Tuesday, March 31, 2009

I love Paris in the Springtime

What do you expect when you go to Paris in the springtime?


How about strikes...


or Versailles...


or a visit to Marie Antoinette's peasant houses that she had built so she would feel at one with the people?


How about her cows...


and sheep?


Or how about the Eiffel Tower?


If you look carefully you can see the Arc de Triomphe through the screen when you are at the top.


Of course at the top the wind might be cold and steady and blow you around.


It's a lot warmer down on the ground near the Arc de Triomphe.


Back at the hotel you can take a look out the windows...




and settle down for a rest.




On Sunday you can head down the stairs...


to church.


Afterwards as you walk around, you can take note of the mixture of building styles.






Even the door knobs are interesting.


Here's the statue that we found when we headed down an alley called "clock street." Can you figure out how the artist thought this represented time?


You can walk along the Seine...


to Notre Dame to see if you can find Quasimodo.


When we were there, the gargoyles hadn't seen him lately.


We couldn't see him in the tower...


or anywhere on the side or the back.


Even Charlemagne ...


and Joan of Arc said they hadn't seen him lately.


So we left and went up the hill to Monte Martre and the Basilica of Sacre Coeur.


As an end to the sabbath we were reminded of Christ's last supper...


his crucifixion...


and resurrection.

Reliving old times in Pecs, Hungary

Robert, Joe, Bonnie, Chrissy, Wendy, and Debbie. Can you remember springtime in 1990 in Pecs with tulips blooming everywhere?


How about all the hikes around town...


up and down the streets...


past the opera house to the fun Hungarian version of a hamburger shop with Chicago hamburgers with peas and carrots on them or Hawaiian hamburgers with pineapple? It's gone now, replaced by McDonalds just down the street.


How about eating ice cream cones down by the post office? They don't sell them there any more but we got great ice cream on the main square.


Here's the restaurant that we ate in the first day we were in Hungary and didn't even know how to ask for the menu. Now its the "elephant" and is a great pizza restaurant. We ate there for old times sake, even though it no longer has Hungarian food. We sat right next to the brick oven.


How about the city wall that you used to walk on and pretend to be Samuel the Lamanite?


We never ate in any of the places in the caves underneath the city where the people used to hide during the many wars fought in the area through the centuries. When we were there in communist times, they were mostly wine cellars and taverns. Now many are restaurants.


Here's where the church is, just a few blocks from the downtown square. We were the first members in Pecs and held church in Joe and Robert's bedroom and once a month rode the train three and a half hours to Budapest to attend the first branch. We were always half an hour late. Now there is a stake in Budapest and a thriving branch in Pecs. We had a nice tour of the chapel.


We found our old apartment building and the basketball/soccer court in front. The children's park where Mom used to talk to her friends has been modernized.

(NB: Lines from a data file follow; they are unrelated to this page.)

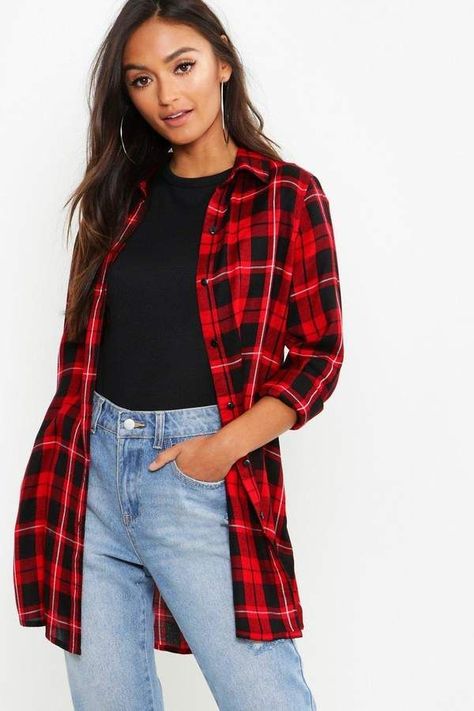 Petite Checked Shirt in red, black and white stripes | a classic plaid pattern in a petites size with a longer tunic style length for an easy lounge wear style in the colder fall and winter months, great for the ski cabin in front of the fire | affiliate link | Boohoo Checked Shirt Outfit Women, Red Checked Shirt Outfit, Check Shirt Outfit Women, Red Black Check Shirt, Checked Shirt Outfit, Black Check Shirt, Oversized Flannel Shirt, Red Checked Shirt, Plaid Shirt Outfits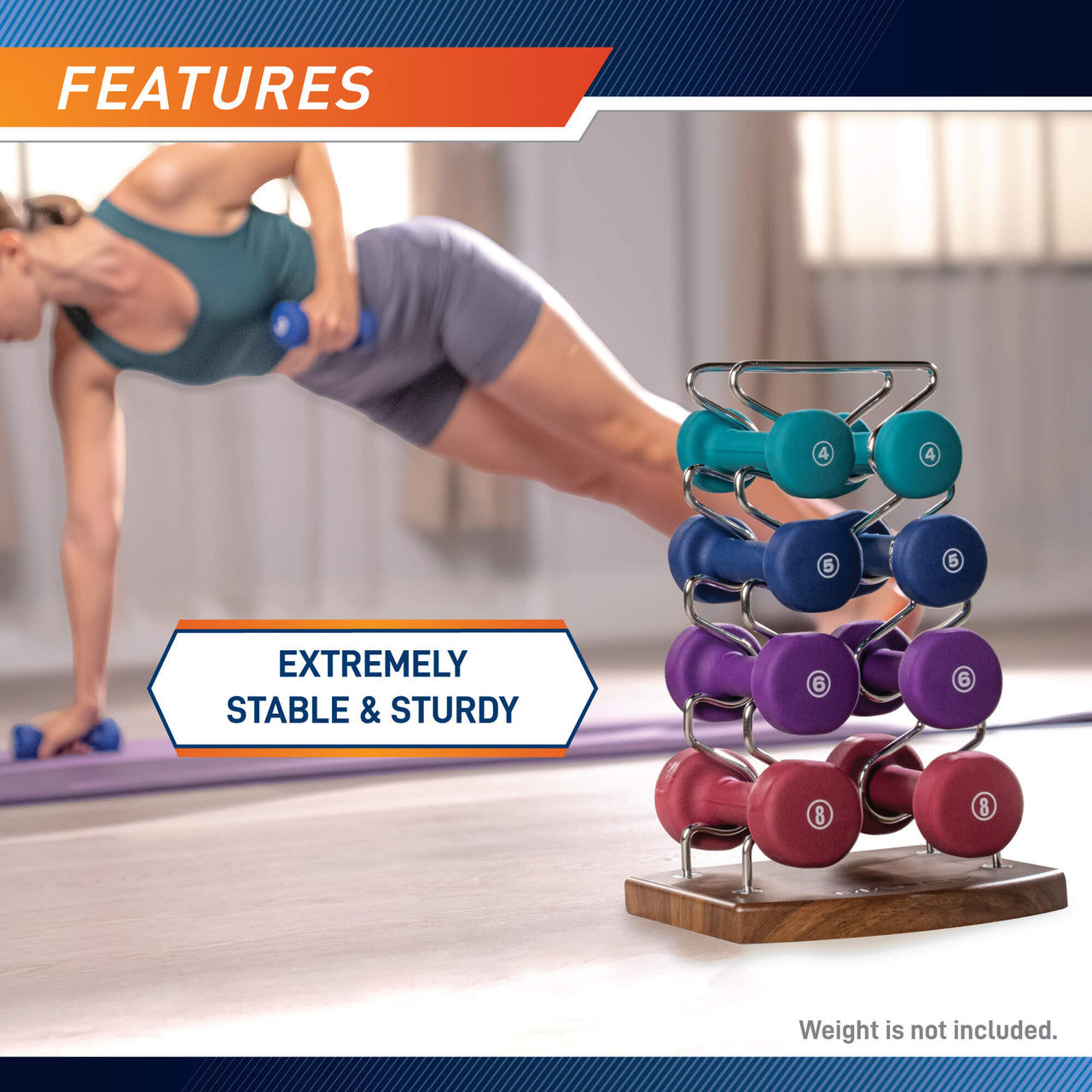 Marcy 4-Tier Dumbbell Storage Rack | DBR 8703 | Heavy Duty Gym Equipment Organizer for Home & Commercial Use | Perfect for Weight Rooms, Fitness Studios & Garage Workouts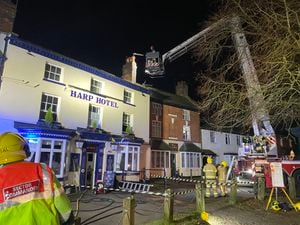 Crews battle the fire at the Harp Hotel in Albrighton. Photos: Lee Baker, Shropshire Fire & Rescue Service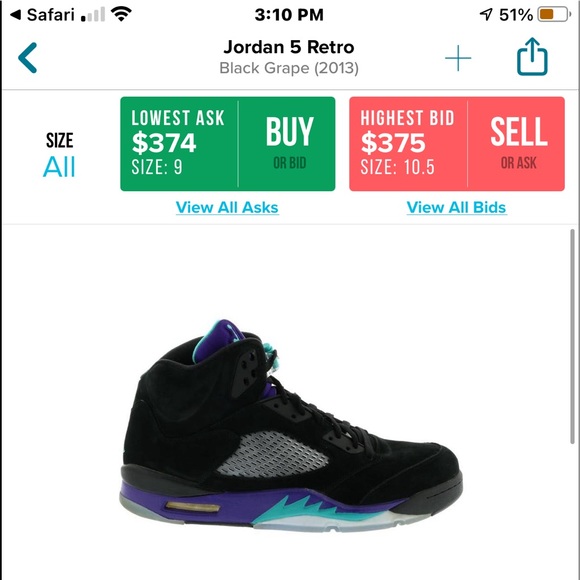 Nike Air Jordan 5 retro Black Grape 2013?? main image 8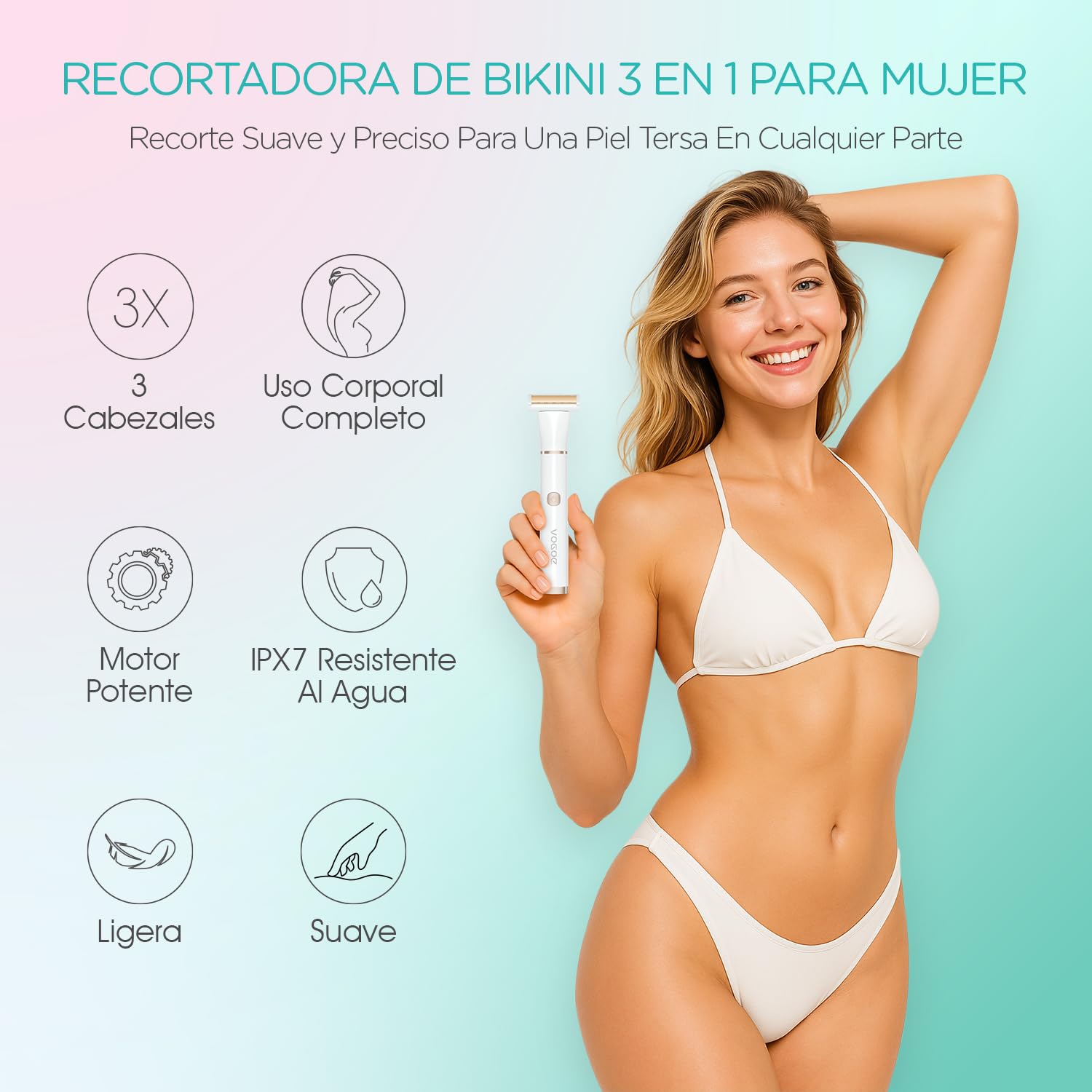 VOGOE Rasuradora Mujer Zona Intima, Afeitadora Mujer 3 en 1 para Cuerpo, Cara y Área del Bikini, Afeitadora Electrica Mujer Recargable, Compacta e Impermeable (Blanco)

The tall condemmed communist era building is still there. It was supposed to collapse any time because of the wrong kind of steel was used by the Croatian contractors to reinforce the concrete. Now they say it is the biggest bird perch in the world. The ABC store we used to shop at next door is gone, for safety reasons. They say that ABC was bought out by the German food chain Spar.


Here's the university building I used to teach in. Janus Pannonius University has merged with the nearby medical and engineering universities and is now called the University of Pecs. The insides have been modernized and where I gave my invited lectures on Filipino English were much improved from the communist classrooms with one light bulb and desks that were falling apart.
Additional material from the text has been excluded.